Ce seuil reflète celui défini par les lignes directrices de l'OCDE en matière d'évasion fiscale et de transferts des bénéfices, en particulier concernant le reporting public pays par pays. Il pose trois principales questions.
Tout d'abord, par définition, il crée un effet de seuil pour les entreprises qui, en raison de l'évolution de leur chiffre d'affaires, devront passer d'un régime à l'autre.

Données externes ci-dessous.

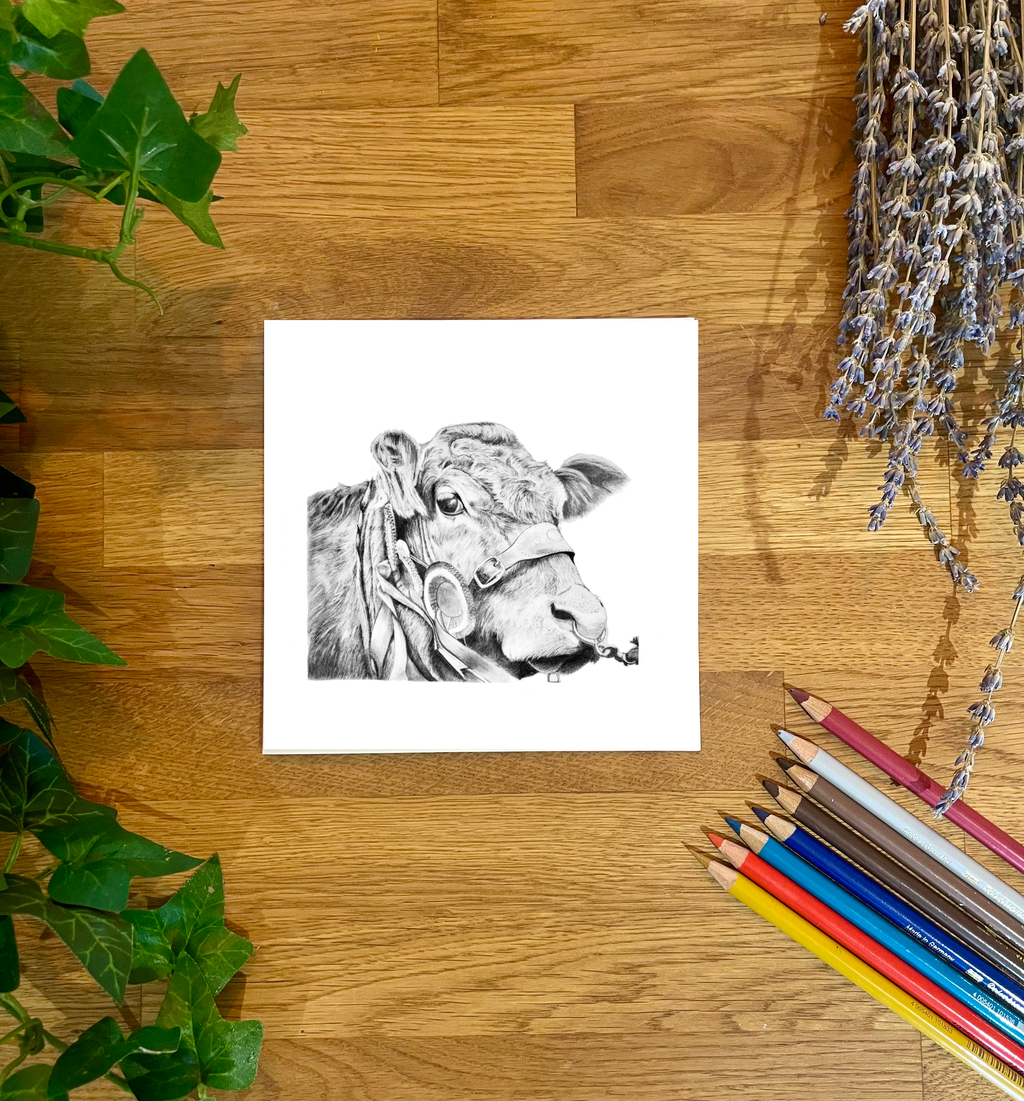 Limousine Bull in Graphite Blank Card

Ensuite, il pourrait créer une forme de distorsion de concurrence en raison de son calibrage. Bruno Mauchauffée, sous-directeur des entreprises à la Direction de la législation fiscale, a, lors de l'audition conjointe, rappelé que « une filiale française, seule implantation européenne d'un groupe américain au chiffre d'affaires de 750 millions d'euros, qui réaliserait un chiffre d'affaires de 50 millions d'euros entrerait dans le champ de la directive, contrairement à une même entreprise concurrente indépendante réalisant un chiffre d'affaires de 200 millions d'euros ».

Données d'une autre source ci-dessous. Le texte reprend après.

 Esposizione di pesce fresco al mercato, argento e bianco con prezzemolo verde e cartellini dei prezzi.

Enfin et surtout, ce seuil implique le maintien de deux systèmes fiscaux : l'un purement national et l'autre communautaire, obligatoire pour certaines entreprises et optionnel pour les autres. Comme l'a souligné Bruno Mauchauffée lors l'audition conjointe du 1 er décembre 2016, « la question se pose de savoir s'il est viable de conserver, à terme, deux calculs d'assiette au sein d'une même juridiction nationale . C'est certes le parti pris depuis le début des négociations, mais cette solution posera des problèmes de concurrence entre les entreprises (...). Cela posera aussi des problèmes en termes de croissance, avec des effets de seuil assez redoutables, et sera source de complexité administrative, surtout pour les entreprises ». Il existe également un risque d'arbitrage : les entreprises pour lesquelles l'assiette commune est optionnelle pourraient la choisir pour la seule raison qu'elles en anticipent un allègement de leur fiscalité, compte tenu de leur structure financière.
Au total, les interrogations portent donc moins sur le niveau du seuil retenu que sur les principes qui le fondent . En particulier, une analyse juridique précise de la compatibilité de ce double système fiscal avec le principe constitutionnel d'égalité devant l'impôt et les charges publiques devra être conduite.